▸ EXERCISE
In the entries below, which lines run from the one containing "325 Knotty Wood Lane, Wellington, FL 33414" to the one containing "4 Wamara Street, BUDDINA, QLD"? Copy exactly those lines, ends included, and no others.

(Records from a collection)

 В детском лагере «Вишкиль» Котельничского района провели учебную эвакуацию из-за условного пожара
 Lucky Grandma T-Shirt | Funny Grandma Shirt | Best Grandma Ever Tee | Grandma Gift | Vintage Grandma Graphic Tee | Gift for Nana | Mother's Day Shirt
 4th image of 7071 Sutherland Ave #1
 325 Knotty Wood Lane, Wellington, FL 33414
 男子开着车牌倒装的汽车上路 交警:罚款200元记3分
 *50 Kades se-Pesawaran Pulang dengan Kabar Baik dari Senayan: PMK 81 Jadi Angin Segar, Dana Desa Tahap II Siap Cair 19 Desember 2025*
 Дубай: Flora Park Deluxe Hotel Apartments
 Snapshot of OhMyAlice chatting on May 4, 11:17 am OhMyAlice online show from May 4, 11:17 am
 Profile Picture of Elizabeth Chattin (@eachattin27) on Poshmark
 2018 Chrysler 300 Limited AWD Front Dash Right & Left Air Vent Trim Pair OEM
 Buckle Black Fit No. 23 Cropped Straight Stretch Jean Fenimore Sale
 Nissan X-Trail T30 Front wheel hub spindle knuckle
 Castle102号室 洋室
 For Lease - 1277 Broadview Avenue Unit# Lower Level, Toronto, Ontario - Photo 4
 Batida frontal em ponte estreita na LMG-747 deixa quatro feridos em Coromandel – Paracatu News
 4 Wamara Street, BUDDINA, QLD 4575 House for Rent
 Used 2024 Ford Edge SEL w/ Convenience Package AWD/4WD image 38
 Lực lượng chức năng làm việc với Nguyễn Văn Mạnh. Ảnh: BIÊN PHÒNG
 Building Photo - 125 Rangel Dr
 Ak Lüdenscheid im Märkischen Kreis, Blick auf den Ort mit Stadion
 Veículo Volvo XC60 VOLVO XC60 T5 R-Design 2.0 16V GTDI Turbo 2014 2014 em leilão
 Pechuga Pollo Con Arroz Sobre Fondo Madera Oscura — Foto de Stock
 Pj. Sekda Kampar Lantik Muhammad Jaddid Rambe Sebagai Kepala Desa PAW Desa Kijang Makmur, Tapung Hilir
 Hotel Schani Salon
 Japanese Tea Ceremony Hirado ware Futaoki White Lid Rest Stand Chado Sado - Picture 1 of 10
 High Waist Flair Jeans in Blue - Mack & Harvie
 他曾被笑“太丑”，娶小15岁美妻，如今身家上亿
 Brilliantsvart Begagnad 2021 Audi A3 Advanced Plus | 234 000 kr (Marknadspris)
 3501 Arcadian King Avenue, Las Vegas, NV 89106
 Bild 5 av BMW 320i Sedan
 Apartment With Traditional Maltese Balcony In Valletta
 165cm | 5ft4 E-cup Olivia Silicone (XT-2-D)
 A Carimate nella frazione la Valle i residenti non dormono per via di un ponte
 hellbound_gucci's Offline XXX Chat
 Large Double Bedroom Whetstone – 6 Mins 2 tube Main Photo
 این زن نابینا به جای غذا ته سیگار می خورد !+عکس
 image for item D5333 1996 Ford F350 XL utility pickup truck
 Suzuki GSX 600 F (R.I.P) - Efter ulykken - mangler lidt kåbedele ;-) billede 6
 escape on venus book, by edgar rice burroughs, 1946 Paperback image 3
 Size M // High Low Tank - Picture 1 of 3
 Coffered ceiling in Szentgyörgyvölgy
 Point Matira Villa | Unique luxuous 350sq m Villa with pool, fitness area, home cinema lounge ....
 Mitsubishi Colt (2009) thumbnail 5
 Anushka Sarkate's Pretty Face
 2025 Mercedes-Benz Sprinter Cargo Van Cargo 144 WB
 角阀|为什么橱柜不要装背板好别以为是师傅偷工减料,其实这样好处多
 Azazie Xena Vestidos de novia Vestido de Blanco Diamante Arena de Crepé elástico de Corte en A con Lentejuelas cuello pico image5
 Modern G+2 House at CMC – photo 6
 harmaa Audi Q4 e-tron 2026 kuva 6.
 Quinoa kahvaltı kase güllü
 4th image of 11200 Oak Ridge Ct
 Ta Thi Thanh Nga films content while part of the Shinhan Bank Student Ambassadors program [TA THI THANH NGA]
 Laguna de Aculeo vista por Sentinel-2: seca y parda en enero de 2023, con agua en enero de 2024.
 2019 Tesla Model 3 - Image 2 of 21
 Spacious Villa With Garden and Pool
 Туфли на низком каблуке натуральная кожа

▸ TASK RESULT
 325 Knotty Wood Lane, Wellington, FL 33414
 男子开着车牌倒装的汽车上路 交警:罚款200元记3分
 *50 Kades se-Pesawaran Pulang dengan Kabar Baik dari Senayan: PMK 81 Jadi Angin Segar, Dana Desa Tahap II Siap Cair 19 Desember 2025*
 Дубай: Flora Park Deluxe Hotel Apartments
 Snapshot of OhMyAlice chatting on May 4, 11:17 am OhMyAlice online show from May 4, 11:17 am
 Profile Picture of Elizabeth Chattin (@eachattin27) on Poshmark
 2018 Chrysler 300 Limited AWD Front Dash Right & Left Air Vent Trim Pair OEM
 Buckle Black Fit No. 23 Cropped Straight Stretch Jean Fenimore Sale
 Nissan X-Trail T30 Front wheel hub spindle knuckle
 Castle102号室 洋室
 For Lease - 1277 Broadview Avenue Unit# Lower Level, Toronto, Ontario - Photo 4
 Batida frontal em ponte estreita na LMG-747 deixa quatro feridos em Coromandel – Paracatu News
 4 Wamara Street, BUDDINA, QLD 4575 House for Rent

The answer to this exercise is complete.